背景
一个Task任务发送到一个worker上的完成运行过程源码分析
过程
位于Drive的CoarseGrainedSchedulerBackend会向work节点的CoarseGrainedExecutorBackend发送运行task的请求,于是位于worker的Task是从CoarseGrainedExecutorBackend的receive()方法开始的。
(1) CoarseGrainedExecutorBackend的receive()方法会实例化Executor对象,并以序列化出来的TaskDescription对象为参数,调用Executor.launchTask方法
override def receive: PartialFunction[Any, Unit] = {
// 注册 请求
case RegisteredExecutor =>
logInfo("Successfully registered with driver")
try {
executor = new Executor(executorId, hostname, env, userClassPath, isLocal = false)
} catch {
case NonFatal(e) =>
exitExecutor(1, "Unable to create executor due to " + e.getMessage, e)
}
case RegisterExecutorFailed(message) =>
exitExecutor(1, "Slave registration failed: " + message)
// 启动task 请求
case LaunchTask(data) =>
if (executor == null) {
exitExecutor(1, "Received LaunchTask command but executor was null")
} else {
// 实例化TaskDescription
val taskDesc = TaskDescription.decode(data.value)

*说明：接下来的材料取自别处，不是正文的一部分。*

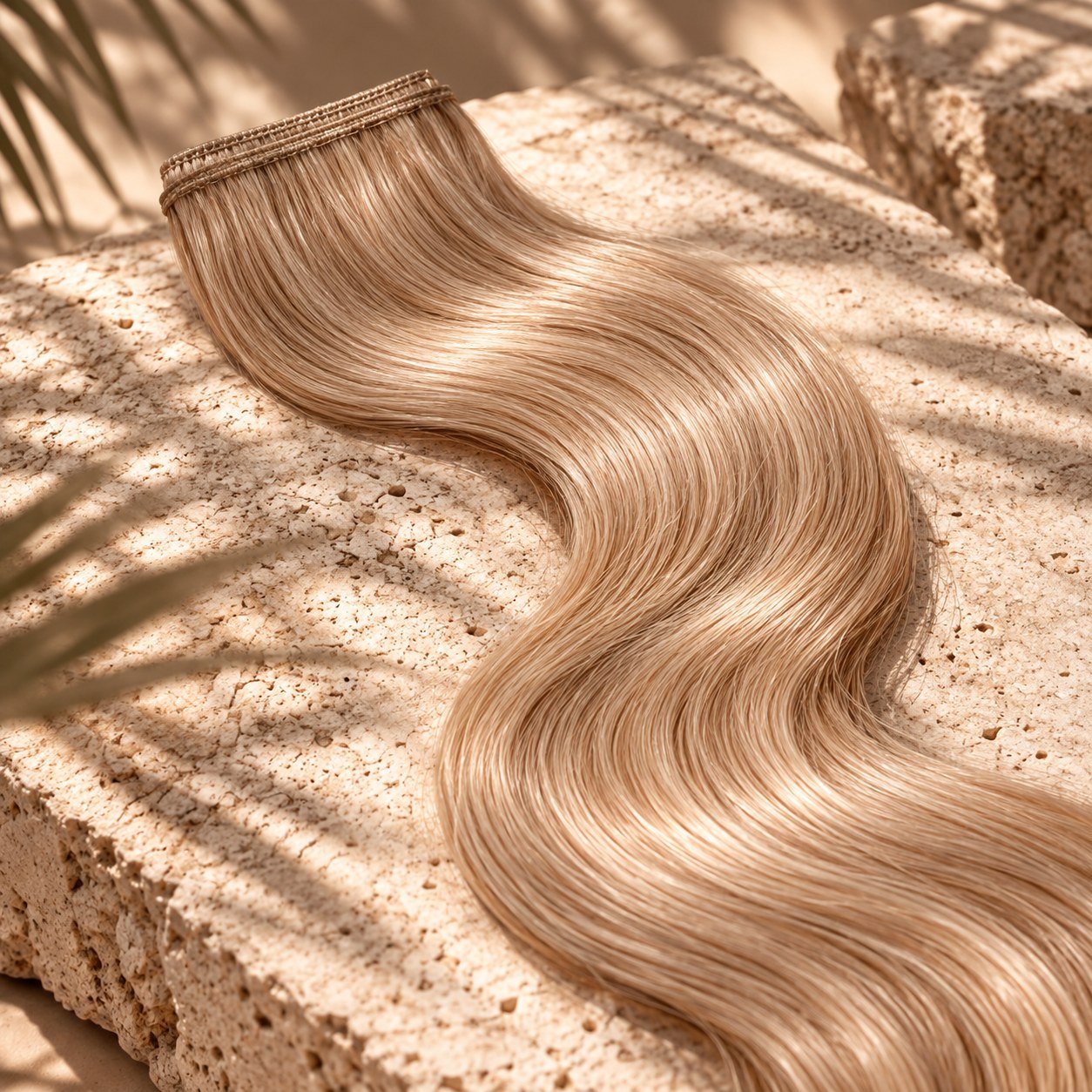 Een golvende weft Evoque Hair in de kleur Honey op travertin met palmschaduw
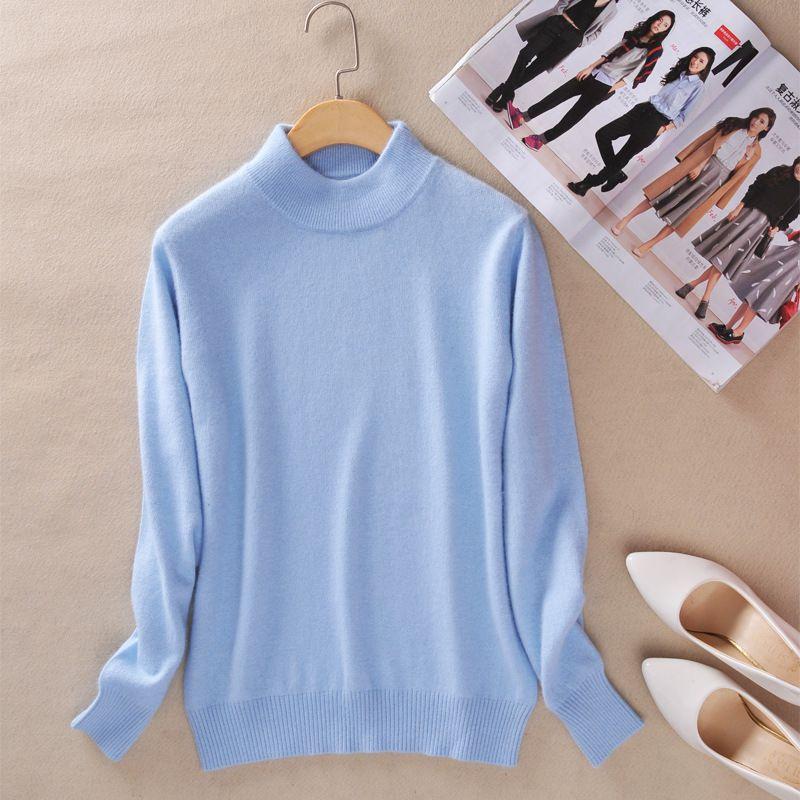 Luxuriously Soft Women's Slim Cozy Knitted Half-turtleneck Cashmere Wool Sweater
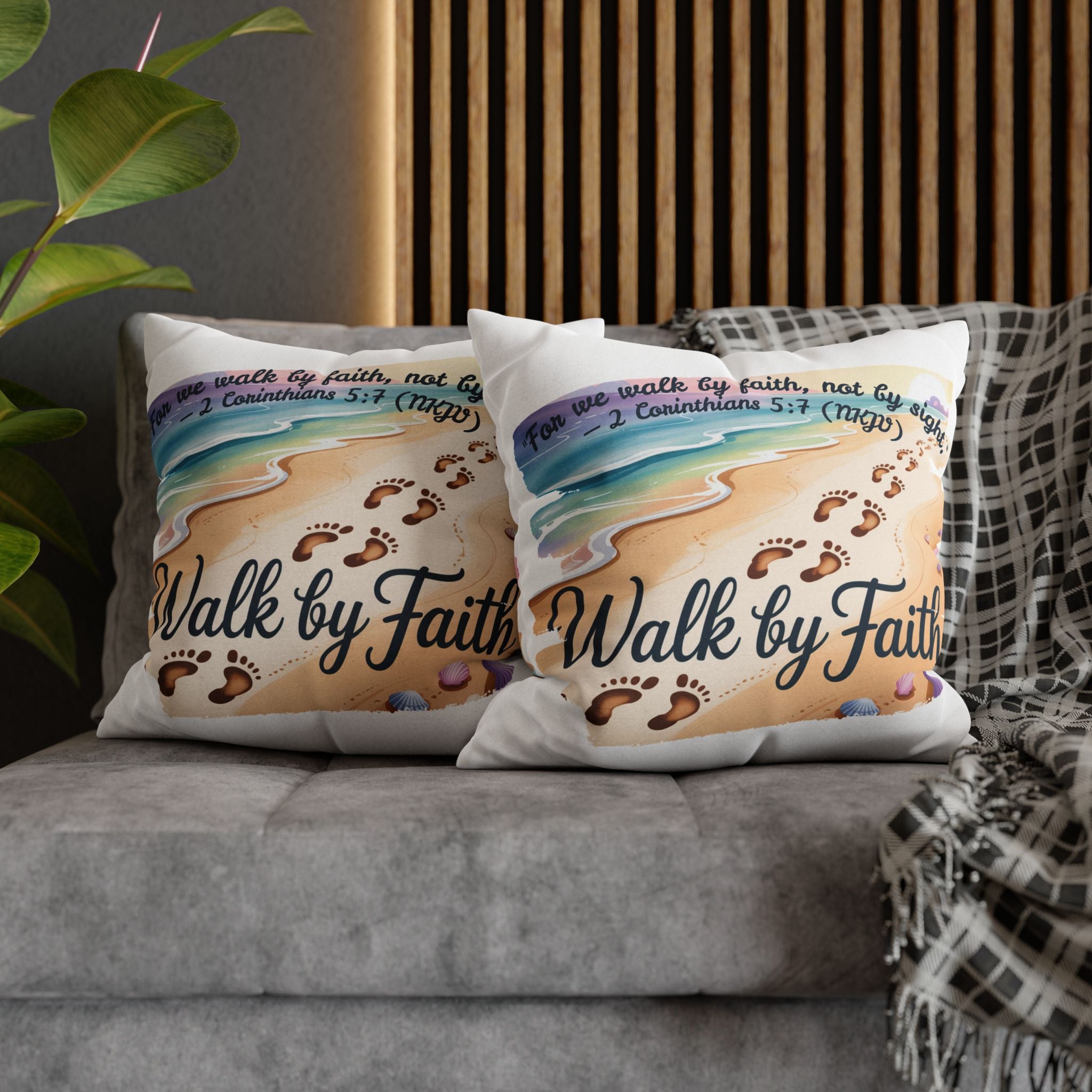 Walk by Faith-Inspirational Beach Pillowcase, Decorative Pillow Cover, Home Decor, Gift for Believers, Inspirational Room Accent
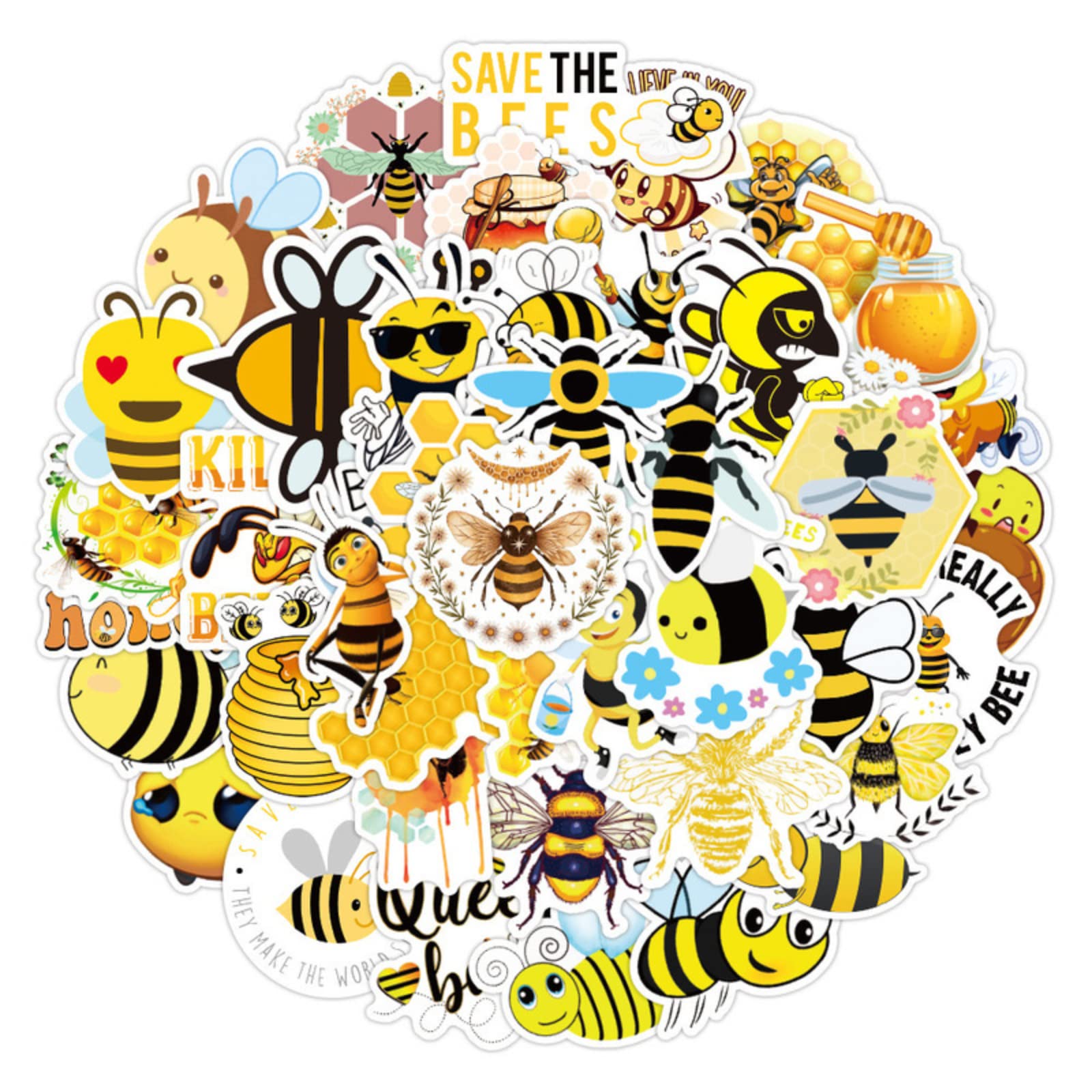 50 Cute Little Bee Cartoon Stickers for Kids - Waterproof Vinyl Decals for Laptops, Water Bottles, Scrapbooking & DIY Crafts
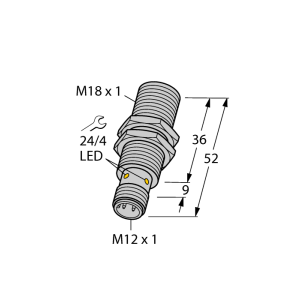 Czujnik indukcyjny BI8-M18-AP6X-H1141 PNP NO 10-30VDC zakończenie konektorowe M12 46150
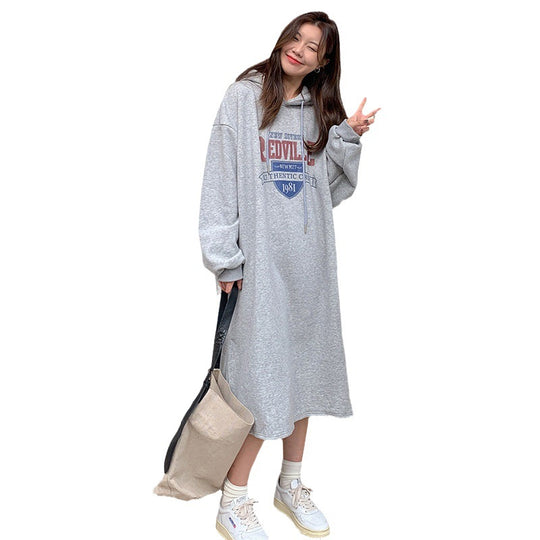 Damen Hoodie-Kleid mit lässigem Schnitt und stylischem Grafikdruck EB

logInfo("Got assigned task " + taskDesc.taskId)
// 启动executor
executor.launchTask(this, taskDesc)
}
………………
}
(2) launchTask会实例化一个TaskRunner处理线程,并放到线程池里运行,Executor.launchTask如下:
def launchTask(context: ExecutorBackend, taskDescription: TaskDescription): Unit = {
val tr = new TaskRunner(context, taskDescription)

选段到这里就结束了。